Tomorrow the ruling will be handed down concerning the plundering of the Palau and the alleged payment by Ferrovial of €6.6M in commissions to Convergència, in return for government contracts, using the Palau as a "pipeline" to funnel the cash, in the words of the Prosecutor. The former executives of Ferrovial and former Convergència treasurer Daniel Osàcar have not admitted to the actions indicated by the Prosecutor, who has asked for 14 years and 9 months for Millet, 10 years and 10 months for Montull, 8 years for Osàcar, and 2 years for Gemma Montull.

The years of judicial instruction and trial of the main case of alleged political corruption in Catalonia has coincided with a national transformation that has put an end to the comfortable Catalonia of the judicious shopkeepers and Pujol supporters. It was a way of doing politics that the traditional players in Spain look back on with nostalgia.

The pro-sovereignty movement has many components. Some have a social basis, others are economic, political, or identity-based. But the facts are that, in these years of the Process, Catalonia has turned the page on corruption and, in contrast with Spain under the PP, this nation and its political system of leadership and parties is not the same as it was eight years ago.

The final cry of a certain Convergència was sounded yesterday by Artur Mas, president of PDECat, the leading player in the metamorphosis of the majority from supporters of the concept of autonomous power to supporters of sovereignty. He is also the man who inherited a party that was in the hands of one family, and where until recently you could still hear that it was normal for companies "to want to chip in".

Today Convergència has been emptied of content and its heir, PDECat, has been surpassed by the initiative of president Carles Puigdemont, who has always shunned the discipline and servitude of the party. Mas understood, two years after abandoning the presidency of the Generalitat, that whatever the Palau ruling, the shock wave would come to damage the reconstruction of Catalonia’s liberal center.

When ERC's victory seemed a sure thing and after the declaration of independence on October 27th and the application of Article 155, Puigdemont reacted to ensure his survival, and so did a party in transformation.

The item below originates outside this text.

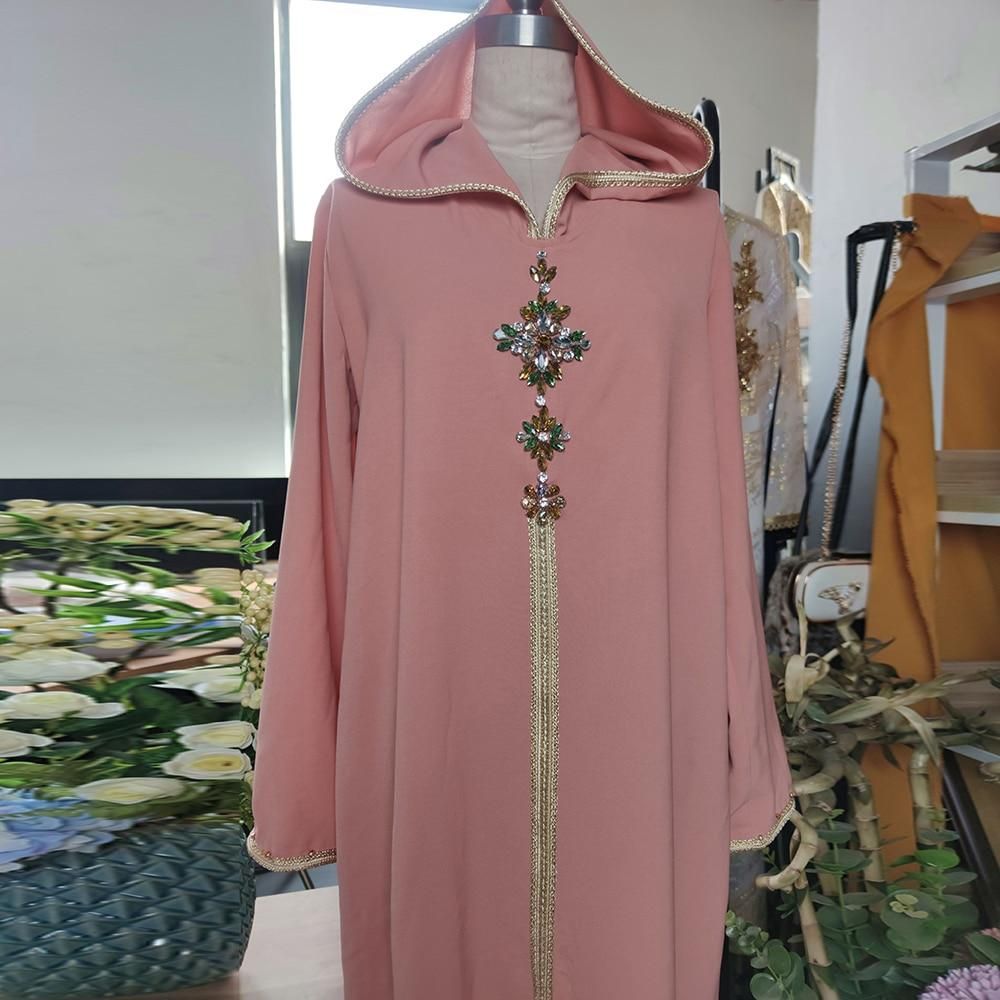 Abaya Fashion Hijab Dress Islam Clothing Long Dresses For Women Robe De Moda Musulman Djellaba Femme - Orange Pink / XXL
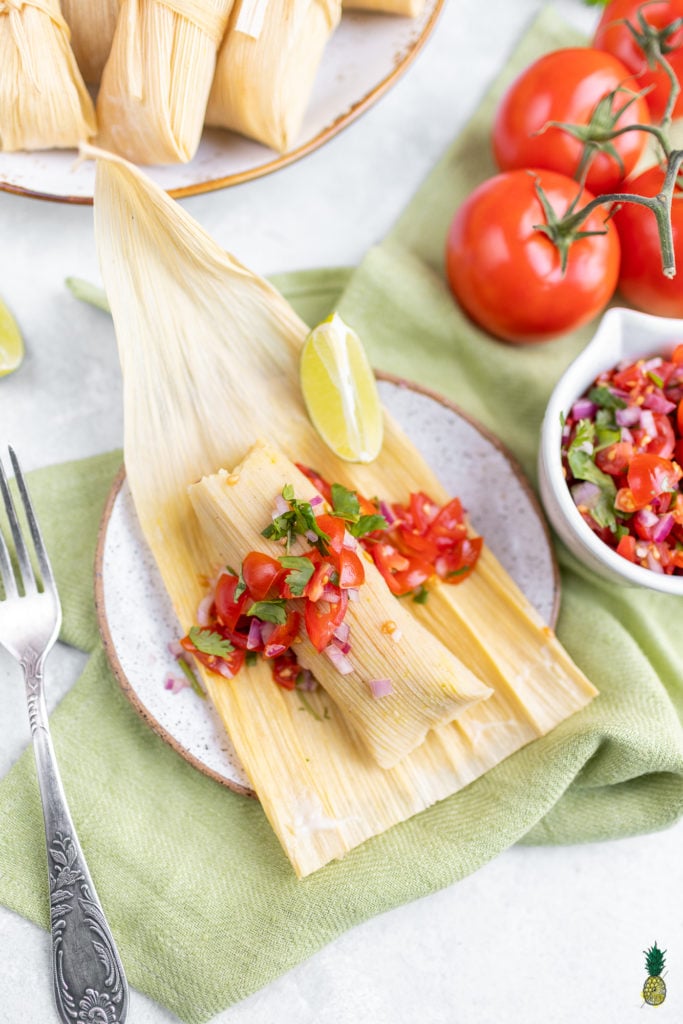 OIl-free Vegan Tamales with Pico de Gallo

The severity of the decisions made on October 26th, with the failure to call a snap election due to a lack of trust in the response of the PP government, the mutiny by part of the Junts pel Sí group, ERC's exit from the Government, and the commotion on the internet by the guardians of orthodoxy (when it's free) all helped Puigdemont make up his mind. Pained by the lack of support from ERC for a joint slate and mistrusting many of those who were in theory on his side, the President and a few loyal supporters put their money on the institution, which he still represents, in an electoral list that, for practical, organizational, and legal reasons was affiliated with the PDECat.

Mas has stepped aside asking his party’s leadership and those surrounding Puigdemont to get on with each other. In the words of someone very close to him: "If Mas was able to get on with Duran ..." The equilibrium between the PDECat and the Puigdemont camp should pave the way for a centrist, liberal, pro-sovereignty platform. That is why they will have to overcome the challenge of rebuilding their political personality, of acting in a broad-based, meritocratic manner. To behave like a political party without the tics of the old Convergència, and reinforce the virtues of its territorial roots on the back of its team of qualified party officials. Still more urgently, Carles Puigdemont, the main asset of JxCat, will have to decide what his role will be. The mandate from the Catalan people is for a pro-independence president, and Puigdemont had vowed to return to Catalonia. It is clear that if he returns his final destination will be a Spanish prison cell, and the actions of the Spanish justice system leave no doubt of its lack of respect for the exercise of elected officials' political rights. An investiture by proxy will be blocked to all effects and purposes, but not symbolically. It will be the time to choose between people and institutions.